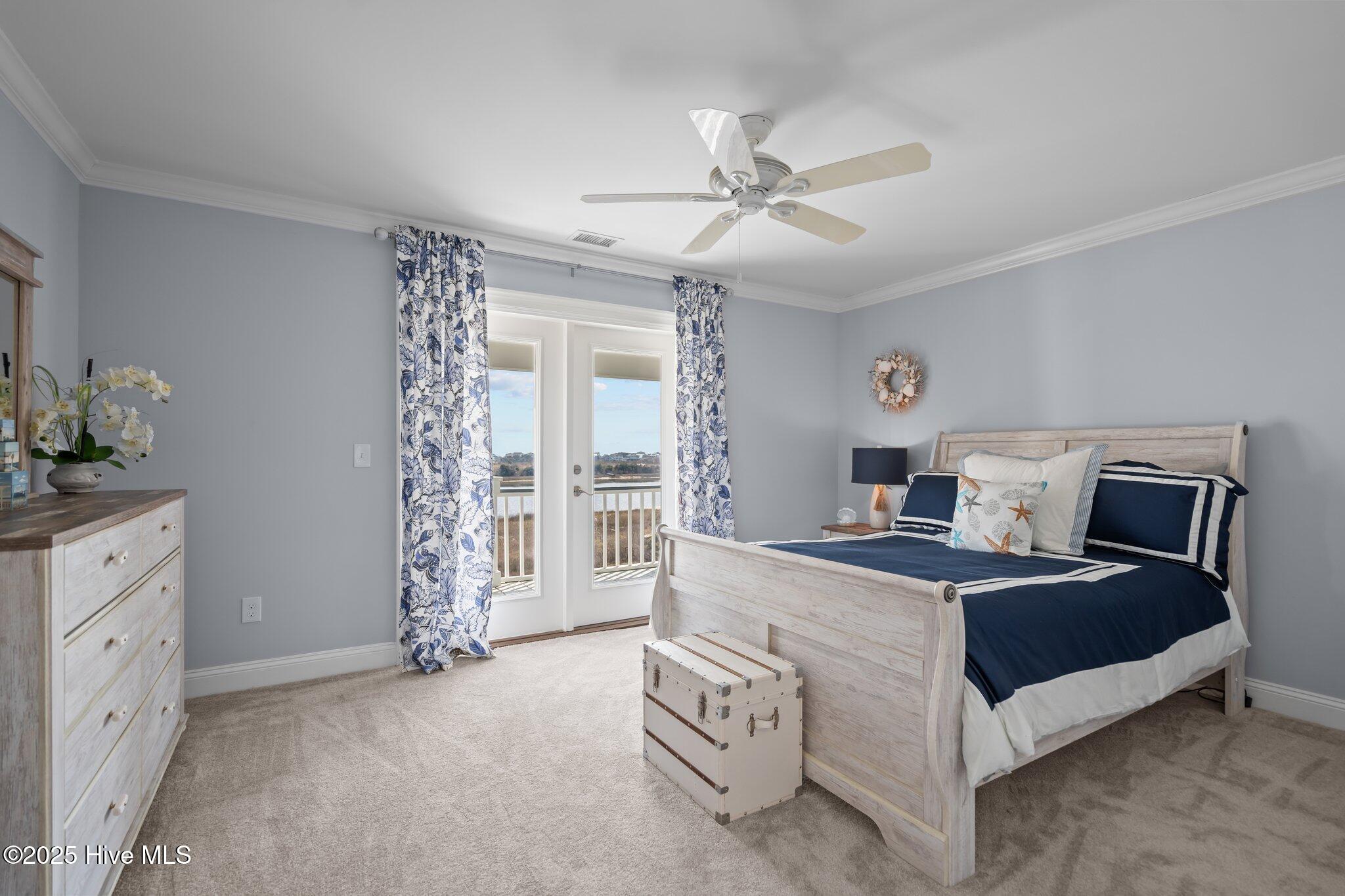 100532890 | Photo 47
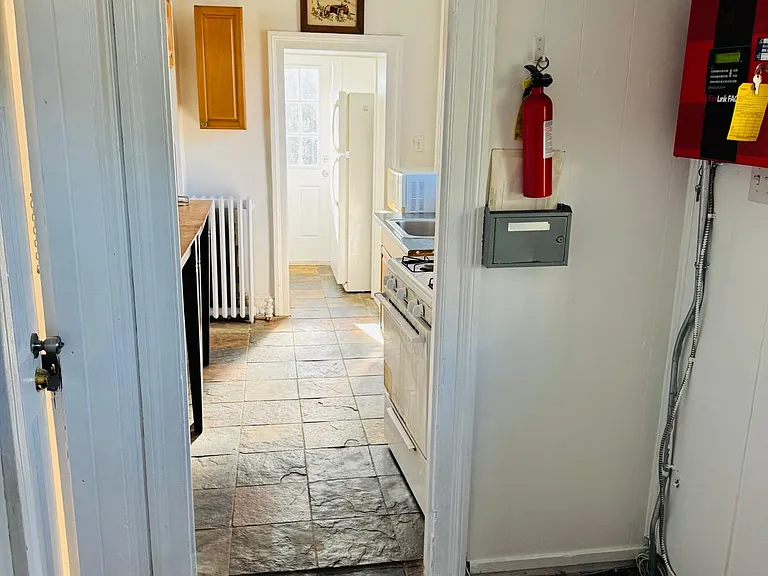 51 Mine St — Photo 3
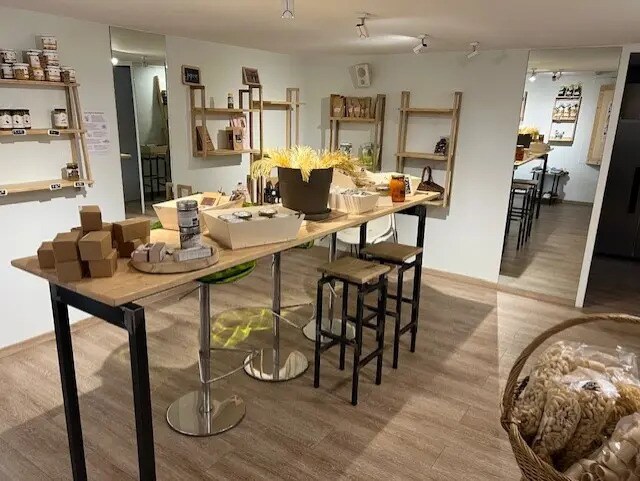 Local commercial dans Annonay à vendre - Photo de l’immeuble – Image 1 sur 3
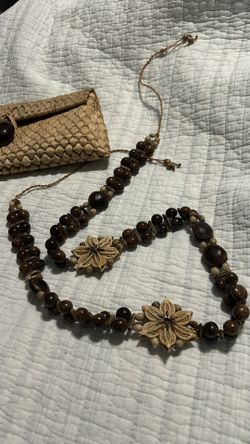 Handbag And Necklace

+-------+

What is expected: The required output is an exact copy of the lines from the one with "Local commercial dans" through the final line of the data above, with pictures removed.

Written solution:
 Local commercial dans Annonay à vendre - Photo de l’immeuble – Image 1 sur 3
 Handbag And Necklace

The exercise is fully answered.